I want to weigh in on the Bradley/Chelsea Manning commutation before it disappears down the memory hole.
I agree with other Corner writers who have denounced the commutation on the merits. Manning released a volume of classified material that put American lives and interests at risk; she has shown some remorse, but I highly doubt that her expressions of sorrow reflect real repentance — a deep seated acceptance that what she did was wrong, and a commitment to respect and obey the law in the future. I won’t argue about whether 35 years is too long a sentence for non-violent criminals who are unlikely to re-offend should they be released, but seven years strikes me as too short.
I understand those who view Manning as a pitiful rather than a vicious figure, unlike Oscar Lopez Rivera, to whom Obama also extended clemency. But Manning would have been eligible for parole in three years, and the parole process is designed to consider the kinds of mitigating factors that Manning’s supporters urged upon the Obama administration. That forum would have been the better one in which to consider her claims for mercy.
I will say on behalf of President Obama that at least his decision doesn’t smack of the kind of personal corruption that tainted many of Bill Clinton’s last minute pardons.

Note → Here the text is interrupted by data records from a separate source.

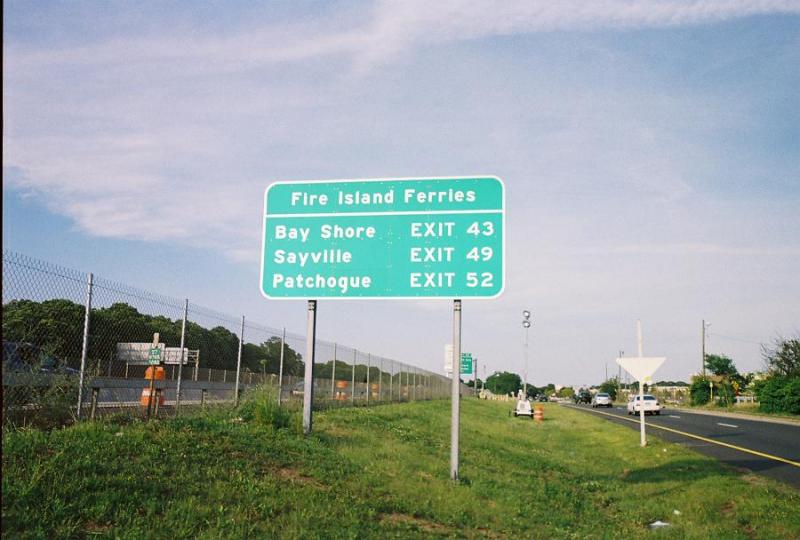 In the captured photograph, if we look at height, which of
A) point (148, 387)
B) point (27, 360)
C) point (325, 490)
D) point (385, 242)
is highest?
point (385, 242)

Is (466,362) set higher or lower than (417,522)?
higher

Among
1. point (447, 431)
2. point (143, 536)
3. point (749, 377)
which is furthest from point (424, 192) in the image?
point (749, 377)

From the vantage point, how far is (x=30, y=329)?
10633 mm

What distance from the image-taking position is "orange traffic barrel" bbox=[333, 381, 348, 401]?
1025 inches

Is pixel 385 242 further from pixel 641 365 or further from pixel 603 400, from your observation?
pixel 603 400

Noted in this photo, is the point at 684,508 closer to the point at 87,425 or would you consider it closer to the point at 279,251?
the point at 279,251

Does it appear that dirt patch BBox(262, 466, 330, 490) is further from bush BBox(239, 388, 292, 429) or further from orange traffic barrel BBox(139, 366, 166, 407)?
orange traffic barrel BBox(139, 366, 166, 407)

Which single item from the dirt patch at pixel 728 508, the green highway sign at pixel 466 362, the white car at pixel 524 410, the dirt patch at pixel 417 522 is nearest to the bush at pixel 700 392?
the green highway sign at pixel 466 362

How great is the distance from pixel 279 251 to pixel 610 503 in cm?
819

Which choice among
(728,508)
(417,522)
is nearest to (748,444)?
(728,508)

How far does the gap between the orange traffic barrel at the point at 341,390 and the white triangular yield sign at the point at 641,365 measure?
1050cm

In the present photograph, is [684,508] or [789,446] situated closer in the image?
[684,508]

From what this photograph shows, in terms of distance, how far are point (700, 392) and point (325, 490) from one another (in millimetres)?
65336

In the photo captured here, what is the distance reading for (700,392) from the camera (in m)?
66.9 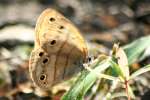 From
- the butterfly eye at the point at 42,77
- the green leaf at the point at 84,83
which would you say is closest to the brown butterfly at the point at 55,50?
the butterfly eye at the point at 42,77

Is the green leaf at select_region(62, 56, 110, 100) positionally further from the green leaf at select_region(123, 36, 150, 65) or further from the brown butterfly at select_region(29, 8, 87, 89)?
the green leaf at select_region(123, 36, 150, 65)

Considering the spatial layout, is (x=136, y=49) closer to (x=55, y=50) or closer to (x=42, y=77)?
(x=55, y=50)

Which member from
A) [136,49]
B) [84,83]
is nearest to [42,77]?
[84,83]

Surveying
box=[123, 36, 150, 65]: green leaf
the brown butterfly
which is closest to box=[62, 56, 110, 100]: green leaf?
the brown butterfly

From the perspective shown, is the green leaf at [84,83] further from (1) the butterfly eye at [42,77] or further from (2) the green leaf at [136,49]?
(2) the green leaf at [136,49]

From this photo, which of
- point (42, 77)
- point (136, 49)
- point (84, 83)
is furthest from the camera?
point (136, 49) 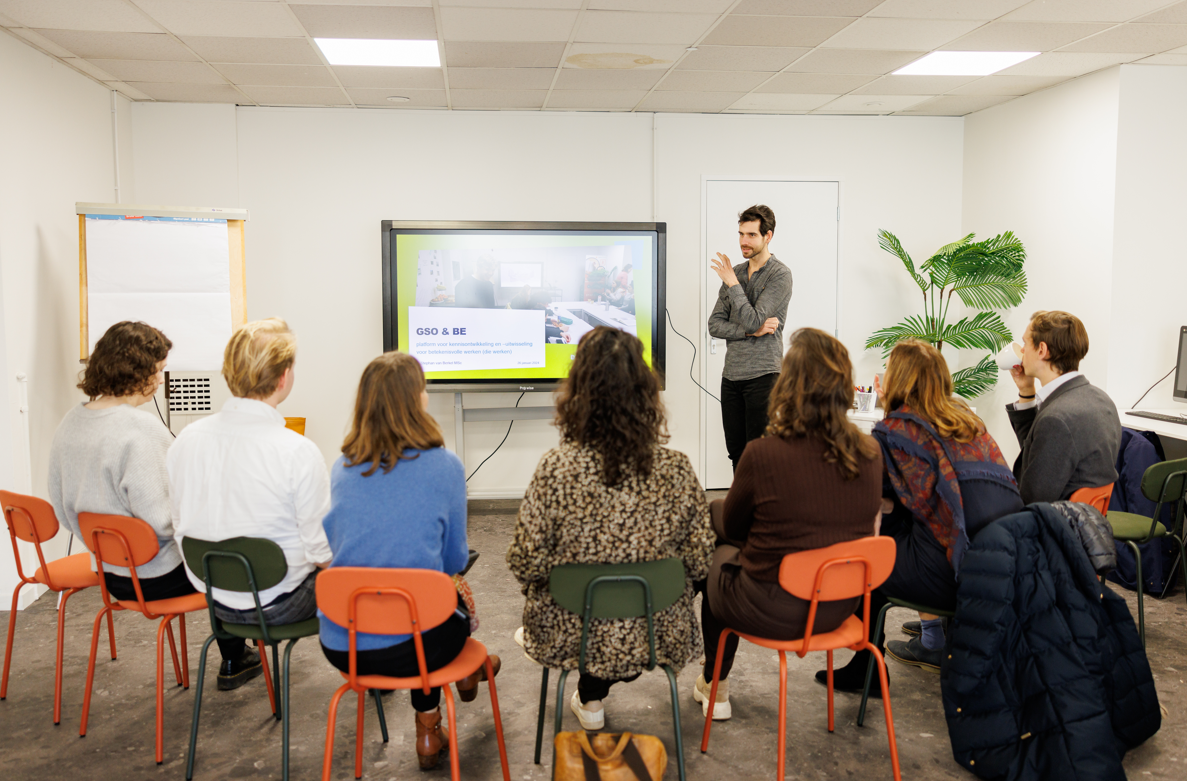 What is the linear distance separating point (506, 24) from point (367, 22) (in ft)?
2.01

But the timing of the action is still very suspect. Obama is now the second Democratic president in a row to make highly controversial clemency decisions in the last days of his presidency, when there is no political accountability for anyone — not for the president’s party, which won’t go before the voters until long after this decision is forgotten, not for his successor, who cannot change what Obama has done, and certainly not for Obama himself, who commuted the sentence on his way out the door before going to Palm Springs.
What do we know now about the Manning case that we did not know three months ago, before the general election? What principle of equity is at stake now that was not at stake then? If the case for Manning is as strong as her supporters believe — and they, at least, have been straightforward about their position — it was strong enough for the president to have acted before the election, fully defended his actions, and accepted whatever political risks were associated with his decision.
I am a believer in the pardon power. It should be used aggressively, and without apology, where the executive believes either that a miscarriage of justice occurred in the courts or that the equities tip strongly in favor of clemency. I believe the American people would respect an executive who acted decisively and transparently in using the power, even when they disagreed with a particular decision. But these last minute commutations smell; they are yet another reason, for those looking for such reasons, to be cynical about the institutions of government and the leaders who populate them.
There is a simple remedy available. Congress should consider a constitutional amendment making clemency decisions during presidential transitions provisional only, subject to reversal by the new president within 60 days after he assumes office, and inoperative, unless confirmed by the new president, until the 60 days had passed. (Special provision could be made for death-penalty cases.)
I see no reason why the debate on such an amendment should be partisan. Presidents Clinton and Obama may have opened Pandora’s box, but there is zero reason to believe that future presidents of both parties won’t take advantage of the precedent they have set. It would be a sign of health — a small but important step towards constitutional propriety — if Congress and the states acted on a bipartisan basis to prevent these abuses. By all means, presidents should have the power to extend mercy when they think it’s justified, but they also should be required to show some principle, and some courage, in how they do it.